• [INSTRUCTIONS FOR THE TASK]
Reproduce every entry exactly as written.

• [Short descriptive text snippets]
= Beginning of Section =

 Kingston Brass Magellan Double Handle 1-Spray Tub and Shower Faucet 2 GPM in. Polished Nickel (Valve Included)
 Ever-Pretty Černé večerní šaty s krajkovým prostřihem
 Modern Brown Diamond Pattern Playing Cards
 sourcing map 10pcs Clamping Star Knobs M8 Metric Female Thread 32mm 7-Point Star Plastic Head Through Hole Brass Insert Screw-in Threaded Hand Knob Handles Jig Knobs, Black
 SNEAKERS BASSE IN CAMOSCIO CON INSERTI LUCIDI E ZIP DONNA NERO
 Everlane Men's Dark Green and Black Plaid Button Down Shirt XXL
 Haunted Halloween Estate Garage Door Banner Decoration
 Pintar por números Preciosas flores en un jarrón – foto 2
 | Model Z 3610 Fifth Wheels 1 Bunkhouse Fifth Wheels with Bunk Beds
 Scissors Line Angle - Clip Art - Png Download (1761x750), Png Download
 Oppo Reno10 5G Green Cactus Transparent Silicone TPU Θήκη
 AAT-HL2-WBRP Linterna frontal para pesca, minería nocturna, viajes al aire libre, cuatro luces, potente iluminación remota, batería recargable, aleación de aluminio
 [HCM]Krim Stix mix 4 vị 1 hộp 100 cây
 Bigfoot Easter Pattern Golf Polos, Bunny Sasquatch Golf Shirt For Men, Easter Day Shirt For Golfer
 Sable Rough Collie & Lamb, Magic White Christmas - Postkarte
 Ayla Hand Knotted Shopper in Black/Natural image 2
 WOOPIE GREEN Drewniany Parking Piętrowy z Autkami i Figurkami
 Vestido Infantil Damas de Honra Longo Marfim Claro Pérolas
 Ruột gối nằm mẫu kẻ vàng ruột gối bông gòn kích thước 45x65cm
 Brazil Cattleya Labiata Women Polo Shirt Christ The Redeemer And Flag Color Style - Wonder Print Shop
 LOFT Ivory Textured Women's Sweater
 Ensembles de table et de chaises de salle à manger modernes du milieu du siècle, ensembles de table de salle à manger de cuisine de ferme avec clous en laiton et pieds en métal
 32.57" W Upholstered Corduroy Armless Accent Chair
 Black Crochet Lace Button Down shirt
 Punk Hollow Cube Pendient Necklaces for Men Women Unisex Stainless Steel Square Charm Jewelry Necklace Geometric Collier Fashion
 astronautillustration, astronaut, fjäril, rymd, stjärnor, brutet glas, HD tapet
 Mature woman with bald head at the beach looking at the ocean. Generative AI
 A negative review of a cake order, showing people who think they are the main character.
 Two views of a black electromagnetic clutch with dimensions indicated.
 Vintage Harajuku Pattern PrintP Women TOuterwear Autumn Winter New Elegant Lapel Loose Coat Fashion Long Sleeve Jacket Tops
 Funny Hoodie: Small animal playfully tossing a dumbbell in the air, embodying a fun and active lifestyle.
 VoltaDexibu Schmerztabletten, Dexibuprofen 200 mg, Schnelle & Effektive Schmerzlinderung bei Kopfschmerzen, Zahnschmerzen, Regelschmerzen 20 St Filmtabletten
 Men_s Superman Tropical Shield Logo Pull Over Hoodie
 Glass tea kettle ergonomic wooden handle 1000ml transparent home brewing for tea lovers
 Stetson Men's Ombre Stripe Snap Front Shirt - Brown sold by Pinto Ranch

= End of Section =

• [SOLUTION FOR THIS EXERCISE]
 Kingston Brass Magellan Double Handle 1-Spray Tub and Shower Faucet 2 GPM in. Polished Nickel (Valve Included)
 Ever-Pretty Černé večerní šaty s krajkovým prostřihem
 Modern Brown Diamond Pattern Playing Cards
 sourcing map 10pcs Clamping Star Knobs M8 Metric Female Thread 32mm 7-Point Star Plastic Head Through Hole Brass Insert Screw-in Threaded Hand Knob Handles Jig Knobs, Black
 SNEAKERS BASSE IN CAMOSCIO CON INSERTI LUCIDI E ZIP DONNA NERO
 Everlane Men's Dark Green and Black Plaid Button Down Shirt XXL
 Haunted Halloween Estate Garage Door Banner Decoration
 Pintar por números Preciosas flores en un jarrón – foto 2
 | Model Z 3610 Fifth Wheels 1 Bunkhouse Fifth Wheels with Bunk Beds
 Scissors Line Angle - Clip Art - Png Download (1761x750), Png Download
 Oppo Reno10 5G Green Cactus Transparent Silicone TPU Θήκη
 AAT-HL2-WBRP Linterna frontal para pesca, minería nocturna, viajes al aire libre, cuatro luces, potente iluminación remota, batería recargable, aleación de aluminio
 [HCM]Krim Stix mix 4 vị 1 hộp 100 cây
 Bigfoot Easter Pattern Golf Polos, Bunny Sasquatch Golf Shirt For Men, Easter Day Shirt For Golfer
 Sable Rough Collie & Lamb, Magic White Christmas - Postkarte
 Ayla Hand Knotted Shopper in Black/Natural image 2
 WOOPIE GREEN Drewniany Parking Piętrowy z Autkami i Figurkami
 Vestido Infantil Damas de Honra Longo Marfim Claro Pérolas
 Ruột gối nằm mẫu kẻ vàng ruột gối bông gòn kích thước 45x65cm
 Brazil Cattleya Labiata Women Polo Shirt Christ The Redeemer And Flag Color Style - Wonder Print Shop
 LOFT Ivory Textured Women's Sweater
 Ensembles de table et de chaises de salle à manger modernes du milieu du siècle, ensembles de table de salle à manger de cuisine de ferme avec clous en laiton et pieds en métal
 32.57" W Upholstered Corduroy Armless Accent Chair
 Black Crochet Lace Button Down shirt
 Punk Hollow Cube Pendient Necklaces for Men Women Unisex Stainless Steel Square Charm Jewelry Necklace Geometric Collier Fashion
 astronautillustration, astronaut, fjäril, rymd, stjärnor, brutet glas, HD tapet
 Mature woman with bald head at the beach looking at the ocean. Generative AI
 A negative review of a cake order, showing people who think they are the main character.
 Two views of a black electromagnetic clutch with dimensions indicated.
 Vintage Harajuku Pattern PrintP Women TOuterwear Autumn Winter New Elegant Lapel Loose Coat Fashion Long Sleeve Jacket Tops
 Funny Hoodie: Small animal playfully tossing a dumbbell in the air, embodying a fun and active lifestyle.
 VoltaDexibu Schmerztabletten, Dexibuprofen 200 mg, Schnelle & Effektive Schmerzlinderung bei Kopfschmerzen, Zahnschmerzen, Regelschmerzen 20 St Filmtabletten
 Men_s Superman Tropical Shield Logo Pull Over Hoodie
 Glass tea kettle ergonomic wooden handle 1000ml transparent home brewing for tea lovers
 Stetson Men's Ombre Stripe Snap Front Shirt - Brown sold by Pinto Ranch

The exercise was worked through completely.